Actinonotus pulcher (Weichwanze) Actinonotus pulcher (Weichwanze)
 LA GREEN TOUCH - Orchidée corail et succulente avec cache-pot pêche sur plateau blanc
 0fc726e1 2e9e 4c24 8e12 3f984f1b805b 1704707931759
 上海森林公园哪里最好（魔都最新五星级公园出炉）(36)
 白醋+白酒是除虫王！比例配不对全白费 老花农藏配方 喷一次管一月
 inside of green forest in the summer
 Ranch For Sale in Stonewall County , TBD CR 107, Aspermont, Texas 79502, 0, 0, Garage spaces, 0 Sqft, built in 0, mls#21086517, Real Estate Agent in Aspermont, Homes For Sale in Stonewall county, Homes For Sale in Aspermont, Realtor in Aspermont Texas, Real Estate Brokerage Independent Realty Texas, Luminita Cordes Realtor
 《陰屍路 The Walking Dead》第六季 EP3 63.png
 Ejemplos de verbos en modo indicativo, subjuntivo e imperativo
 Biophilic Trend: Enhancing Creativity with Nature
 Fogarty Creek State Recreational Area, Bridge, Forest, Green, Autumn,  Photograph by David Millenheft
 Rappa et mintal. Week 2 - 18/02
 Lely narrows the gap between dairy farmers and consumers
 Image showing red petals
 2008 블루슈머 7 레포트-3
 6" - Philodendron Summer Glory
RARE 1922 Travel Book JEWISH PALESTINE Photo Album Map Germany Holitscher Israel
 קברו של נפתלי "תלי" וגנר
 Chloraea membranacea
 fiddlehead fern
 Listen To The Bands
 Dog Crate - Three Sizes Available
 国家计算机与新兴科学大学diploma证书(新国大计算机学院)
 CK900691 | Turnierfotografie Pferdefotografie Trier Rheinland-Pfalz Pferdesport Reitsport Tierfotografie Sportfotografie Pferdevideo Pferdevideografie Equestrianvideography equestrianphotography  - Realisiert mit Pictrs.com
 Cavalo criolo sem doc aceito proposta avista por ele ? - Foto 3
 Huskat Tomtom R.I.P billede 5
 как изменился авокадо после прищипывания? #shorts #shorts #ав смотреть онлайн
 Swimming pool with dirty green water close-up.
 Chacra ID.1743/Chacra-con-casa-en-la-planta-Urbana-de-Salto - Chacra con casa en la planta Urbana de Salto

==============================

→ WORK INSTRUCTION
Transcribe the data above verbatim.

→ OUTPUT OF THE EXERCISE
Actinonotus pulcher (Weichwanze) Actinonotus pulcher (Weichwanze)
 LA GREEN TOUCH - Orchidée corail et succulente avec cache-pot pêche sur plateau blanc
 0fc726e1 2e9e 4c24 8e12 3f984f1b805b 1704707931759
 上海森林公园哪里最好（魔都最新五星级公园出炉）(36)
 白醋+白酒是除虫王！比例配不对全白费 老花农藏配方 喷一次管一月
 inside of green forest in the summer
 Ranch For Sale in Stonewall County , TBD CR 107, Aspermont, Texas 79502, 0, 0, Garage spaces, 0 Sqft, built in 0, mls#21086517, Real Estate Agent in Aspermont, Homes For Sale in Stonewall county, Homes For Sale in Aspermont, Realtor in Aspermont Texas, Real Estate Brokerage Independent Realty Texas, Luminita Cordes Realtor
 《陰屍路 The Walking Dead》第六季 EP3 63.png
 Ejemplos de verbos en modo indicativo, subjuntivo e imperativo
 Biophilic Trend: Enhancing Creativity with Nature
 Fogarty Creek State Recreational Area, Bridge, Forest, Green, Autumn,  Photograph by David Millenheft
 Rappa et mintal. Week 2 - 18/02
 Lely narrows the gap between dairy farmers and consumers
 Image showing red petals
 2008 블루슈머 7 레포트-3
 6" - Philodendron Summer Glory
RARE 1922 Travel Book JEWISH PALESTINE Photo Album Map Germany Holitscher Israel
 קברו של נפתלי "תלי" וגנר
 Chloraea membranacea
 fiddlehead fern
 Listen To The Bands
 Dog Crate - Three Sizes Available
 国家计算机与新兴科学大学diploma证书(新国大计算机学院)
 CK900691 | Turnierfotografie Pferdefotografie Trier Rheinland-Pfalz Pferdesport Reitsport Tierfotografie Sportfotografie Pferdevideo Pferdevideografie Equestrianvideography equestrianphotography  - Realisiert mit Pictrs.com
 Cavalo criolo sem doc aceito proposta avista por ele ? - Foto 3
 Huskat Tomtom R.I.P billede 5
 как изменился авокадо после прищипывания? #shorts #shorts #ав смотреть онлайн
 Swimming pool with dirty green water close-up.
 Chacra ID.1743/Chacra-con-casa-en-la-planta-Urbana-de-Salto - Chacra con casa en la planta Urbana de Salto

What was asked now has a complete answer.